Work required:
Look below. Copy each line that has "supported" in it.

(Saved entries)
########################################

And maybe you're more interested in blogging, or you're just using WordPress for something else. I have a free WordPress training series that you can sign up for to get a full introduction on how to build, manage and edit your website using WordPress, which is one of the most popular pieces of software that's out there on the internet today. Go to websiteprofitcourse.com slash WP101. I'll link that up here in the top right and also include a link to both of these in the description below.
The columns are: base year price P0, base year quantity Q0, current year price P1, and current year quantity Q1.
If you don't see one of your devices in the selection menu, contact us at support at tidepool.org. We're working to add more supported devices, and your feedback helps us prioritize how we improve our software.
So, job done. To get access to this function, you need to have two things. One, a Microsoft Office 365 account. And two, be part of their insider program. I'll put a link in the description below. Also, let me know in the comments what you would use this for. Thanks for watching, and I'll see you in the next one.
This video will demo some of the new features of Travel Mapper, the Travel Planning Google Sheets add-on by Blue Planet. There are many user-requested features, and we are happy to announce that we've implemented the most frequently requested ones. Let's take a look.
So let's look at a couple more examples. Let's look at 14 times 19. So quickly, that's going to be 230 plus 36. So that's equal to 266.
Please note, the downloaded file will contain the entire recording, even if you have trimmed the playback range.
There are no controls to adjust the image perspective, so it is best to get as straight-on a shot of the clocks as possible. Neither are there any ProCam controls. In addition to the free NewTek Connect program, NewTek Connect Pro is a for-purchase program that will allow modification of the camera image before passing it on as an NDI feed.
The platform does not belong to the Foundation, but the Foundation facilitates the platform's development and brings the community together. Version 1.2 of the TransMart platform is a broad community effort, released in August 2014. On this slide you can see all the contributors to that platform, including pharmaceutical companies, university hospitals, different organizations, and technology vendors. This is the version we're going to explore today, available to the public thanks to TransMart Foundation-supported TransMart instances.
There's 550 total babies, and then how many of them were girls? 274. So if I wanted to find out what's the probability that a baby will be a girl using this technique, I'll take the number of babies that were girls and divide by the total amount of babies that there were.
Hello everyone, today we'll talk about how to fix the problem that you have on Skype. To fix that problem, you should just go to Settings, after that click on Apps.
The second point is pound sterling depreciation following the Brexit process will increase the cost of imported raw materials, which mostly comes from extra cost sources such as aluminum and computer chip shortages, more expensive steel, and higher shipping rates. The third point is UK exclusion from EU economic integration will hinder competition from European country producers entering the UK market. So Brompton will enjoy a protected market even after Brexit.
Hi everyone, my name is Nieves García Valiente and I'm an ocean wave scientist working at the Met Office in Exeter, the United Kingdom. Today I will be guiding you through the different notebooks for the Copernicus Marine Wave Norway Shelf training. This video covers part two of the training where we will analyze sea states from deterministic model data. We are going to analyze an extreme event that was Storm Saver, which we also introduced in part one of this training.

########################################

Written response:
If you don't see one of your devices in the selection menu, contact us at support at tidepool.org. We're working to add more supported devices, and your feedback helps us prioritize how we improve our software.
The platform does not belong to the Foundation, but the Foundation facilitates the platform's development and brings the community together. Version 1.2 of the TransMart platform is a broad community effort, released in August 2014. On this slide you can see all the contributors to that platform, including pharmaceutical companies, university hospitals, different organizations, and technology vendors. This is the version we're going to explore today, available to the public thanks to TransMart Foundation-supported TransMart instances.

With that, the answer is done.